The paper presents a new vDBF algorithm that combines Sparse Pauli Dynamics with greedy operator selection, enabling fast and accurate ground state energy estimation for complex quantum models.

Findings

Achieves less than 1% error compared to DMRG benchmarks.

Obtains results for a 10x10 Heisenberg lattice in about 10 minutes on a single CPU.

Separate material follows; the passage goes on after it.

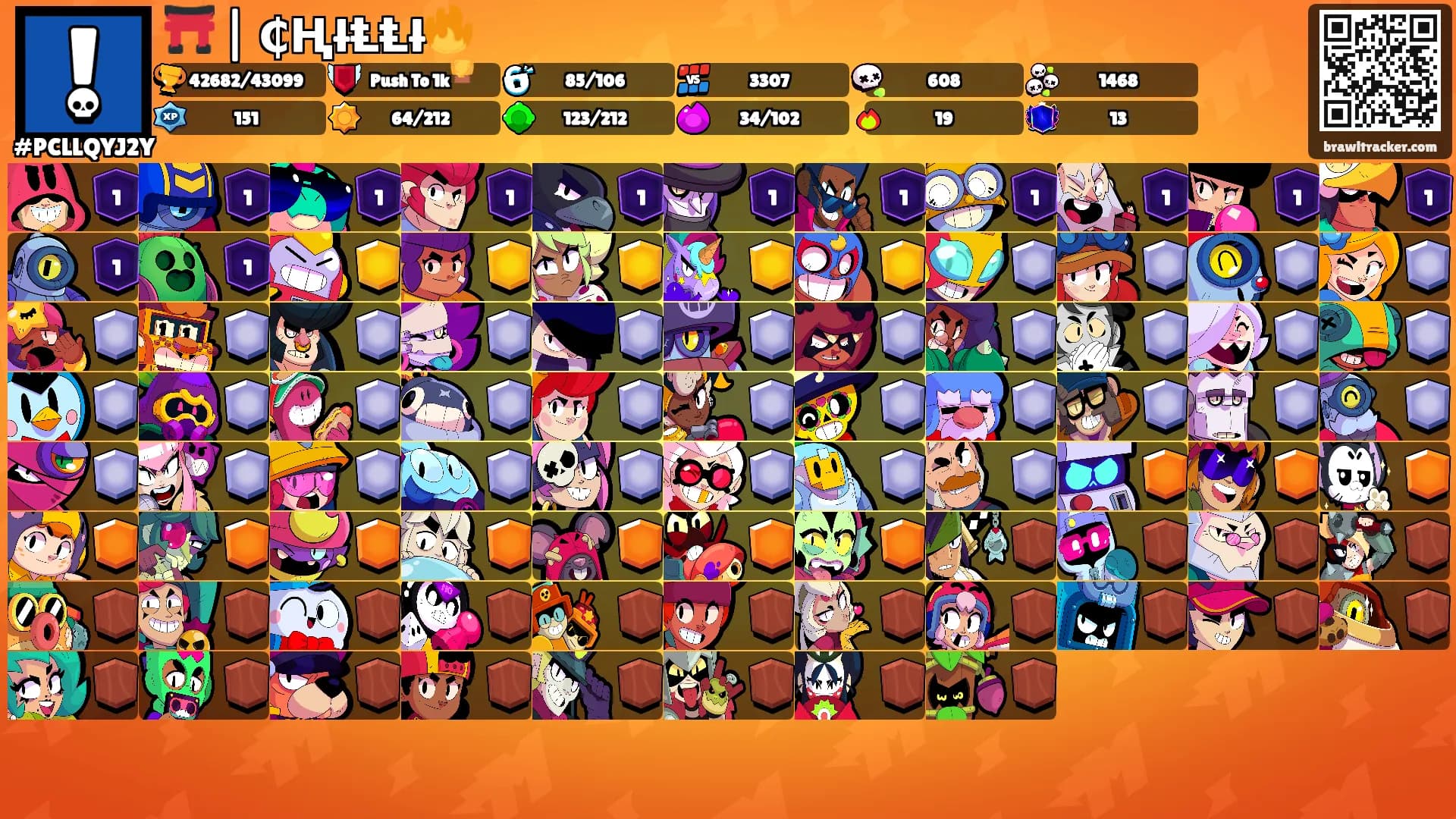 ⛩️ | ₵ⱧłⱠⱠł🔥's Ranks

Demonstrates significant speedup over DMRG for large 2D quantum systems.

Abstract

Ground state energy estimation for strongly correlated quantum systems remains a central challenge in computational physics and chemistry. While tensor network methods like DMRG provide efficient solutions for one-dimensional systems, higher-dimensional problems remain difficult. Here we present a variational double bracket flow (vDBF) algorithm that leverages Sparse Pauli Dynamics, a technique originally developed for classical simulation of quantum circuits, to efficiently approximate ground state energies. By combining greedy operator selection with coefficient truncation and energy-variance extrapolation, the method achieves less than 1% error relative to DMRG benchmarks for both Heisenberg and Hubbard models in one and two dimensions. For a 10x10 Heisenberg lattice (100 qubits), vDBF obtains accurate results in approximately 10 minutes on a single CPU thread, compared to over 50 hours on 64 threads for DMRG. For an 8x8 Hubbard model (128 qubits), the speedup is even more pronounced. These results demonstrate that classical simulation techniques developed in the context of quantum advantage benchmarking can provide practical tools for many-body physics.